[Die heilige Hildegard schaut in einer Vision, wie Laster und Tugenden sich miteinander unterhalten:]
– Die Worte der Welttrauer: „Wehe, dass ich erschaffen worden bin! Wehe, dass ich lebe! Wer wird mir helfen? Wer wird mich befreien? Wenn Gott mich kennen würde, würde ich nicht in einem so großen Elend stecken.
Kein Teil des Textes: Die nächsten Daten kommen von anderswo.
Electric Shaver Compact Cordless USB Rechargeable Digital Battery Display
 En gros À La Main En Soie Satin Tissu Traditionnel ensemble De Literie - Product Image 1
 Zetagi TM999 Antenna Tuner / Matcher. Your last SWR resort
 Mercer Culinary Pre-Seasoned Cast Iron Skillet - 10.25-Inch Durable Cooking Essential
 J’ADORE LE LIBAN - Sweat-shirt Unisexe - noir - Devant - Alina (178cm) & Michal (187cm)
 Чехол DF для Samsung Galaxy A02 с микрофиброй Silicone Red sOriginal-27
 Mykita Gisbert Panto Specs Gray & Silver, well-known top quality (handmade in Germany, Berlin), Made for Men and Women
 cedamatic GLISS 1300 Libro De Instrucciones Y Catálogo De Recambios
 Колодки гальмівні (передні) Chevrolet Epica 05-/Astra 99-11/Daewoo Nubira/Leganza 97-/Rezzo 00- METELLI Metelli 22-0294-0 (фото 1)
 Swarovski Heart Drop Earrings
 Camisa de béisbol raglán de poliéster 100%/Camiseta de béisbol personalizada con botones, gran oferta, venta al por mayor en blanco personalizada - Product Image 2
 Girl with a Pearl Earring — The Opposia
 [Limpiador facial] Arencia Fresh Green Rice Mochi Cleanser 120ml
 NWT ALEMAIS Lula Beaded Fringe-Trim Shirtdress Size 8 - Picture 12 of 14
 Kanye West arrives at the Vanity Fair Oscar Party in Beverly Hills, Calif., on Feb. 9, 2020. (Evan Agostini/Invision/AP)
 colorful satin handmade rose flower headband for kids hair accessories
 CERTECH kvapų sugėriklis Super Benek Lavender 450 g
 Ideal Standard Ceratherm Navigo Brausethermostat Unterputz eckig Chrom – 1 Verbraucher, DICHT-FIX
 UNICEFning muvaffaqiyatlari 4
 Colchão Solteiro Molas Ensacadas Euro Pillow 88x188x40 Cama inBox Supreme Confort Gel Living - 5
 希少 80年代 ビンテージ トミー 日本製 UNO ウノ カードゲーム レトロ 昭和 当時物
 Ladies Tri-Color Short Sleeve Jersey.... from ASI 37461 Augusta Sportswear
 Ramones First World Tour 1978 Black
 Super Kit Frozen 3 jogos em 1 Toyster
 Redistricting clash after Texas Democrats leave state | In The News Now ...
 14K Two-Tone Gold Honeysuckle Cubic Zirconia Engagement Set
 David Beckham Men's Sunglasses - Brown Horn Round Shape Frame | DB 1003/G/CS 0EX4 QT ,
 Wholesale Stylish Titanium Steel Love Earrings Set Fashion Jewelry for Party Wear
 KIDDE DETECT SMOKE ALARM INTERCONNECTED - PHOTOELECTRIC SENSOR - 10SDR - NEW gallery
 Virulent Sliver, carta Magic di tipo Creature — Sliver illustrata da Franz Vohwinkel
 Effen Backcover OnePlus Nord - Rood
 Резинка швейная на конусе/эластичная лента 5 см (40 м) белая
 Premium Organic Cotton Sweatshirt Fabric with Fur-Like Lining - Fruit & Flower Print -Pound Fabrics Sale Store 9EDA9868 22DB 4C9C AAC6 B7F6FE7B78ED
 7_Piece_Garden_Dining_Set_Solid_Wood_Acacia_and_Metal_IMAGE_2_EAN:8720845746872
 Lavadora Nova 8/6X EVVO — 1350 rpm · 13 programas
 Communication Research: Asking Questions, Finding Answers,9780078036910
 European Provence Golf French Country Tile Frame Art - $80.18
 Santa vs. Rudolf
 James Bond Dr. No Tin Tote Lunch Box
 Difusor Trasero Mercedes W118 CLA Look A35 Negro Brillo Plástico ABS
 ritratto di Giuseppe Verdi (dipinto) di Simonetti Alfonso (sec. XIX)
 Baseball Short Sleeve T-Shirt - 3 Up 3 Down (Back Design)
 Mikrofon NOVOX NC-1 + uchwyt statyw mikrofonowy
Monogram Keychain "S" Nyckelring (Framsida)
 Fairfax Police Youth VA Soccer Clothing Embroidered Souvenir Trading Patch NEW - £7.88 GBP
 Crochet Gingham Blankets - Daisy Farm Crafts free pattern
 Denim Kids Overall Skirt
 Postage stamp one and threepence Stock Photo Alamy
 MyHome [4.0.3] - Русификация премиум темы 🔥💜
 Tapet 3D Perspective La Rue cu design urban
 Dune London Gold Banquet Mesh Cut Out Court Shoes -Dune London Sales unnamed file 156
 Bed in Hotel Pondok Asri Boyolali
Dass ich auf Gott vertraue, bringt mir nichts Gutes; dass ich mich mit ihm freue, nimmt nicht das Übel von mir. […] Wenn Gott mein ist, warum verbirgt er seine Gnade vor mir? Wenn er mir doch etwas Gutes zuwenden würde, dann könnte ich ihn erkennen. Ich weiß aber nicht, was ich bin. Ich bin im Unglück erschaffen, im Unglück geboren und lebe ohne jeglichen Trost. Ach, was nützt mir ein Leben ohne Freude? […]“
– Die Antwort der Himmelsfreude: „[…] Gott hat den Menschen als lichtes Wesen erschaffen […]. Du weißt nicht und bedenkst nicht, welches Heil von Gott kommt! Wer gibt dir das, was du an Lichtem und Gutem hast, wenn nicht Gott? […] Wenn dir das Heil nahe ist, behauptest du, es sei ein Fluch; und wenn alle Ursachen und Dinge gut sind, dann sagst du, sie seien böse. […] Ich lobe alle Werke Gottes. In all dem ziehst du jedoch nur schmerzlichen Schmerz an dich, weil du in all deinen Werken traurig bist. […] So mache ich es nicht, sondern ich schenke all meine Werke Gott. Denn in mancher Traurigkeit findet sich noch Frohsinn, doch in gewisser Freude gibt es kein Glück […].
[…] Deshalb trocknet alles, was in ihr lebendig ist, aus, weil sie den geistlichen Lebenshauch nicht hat. […] In Trübsal zieht sie alles an sich und sehnt sich auch nicht danach Freude zu haben. Den Freund lädt sie nicht mit Fröhlichkeit ein, den Feind besänftigt sie nicht. Dagegen versteckt sie sich im Loch des Verdrusses, weil sie sich vor allen ängstigt, die vorübergehen. In all dem gleicht sie dem Tod, weil sie nicht nach dem Himmel lechzt.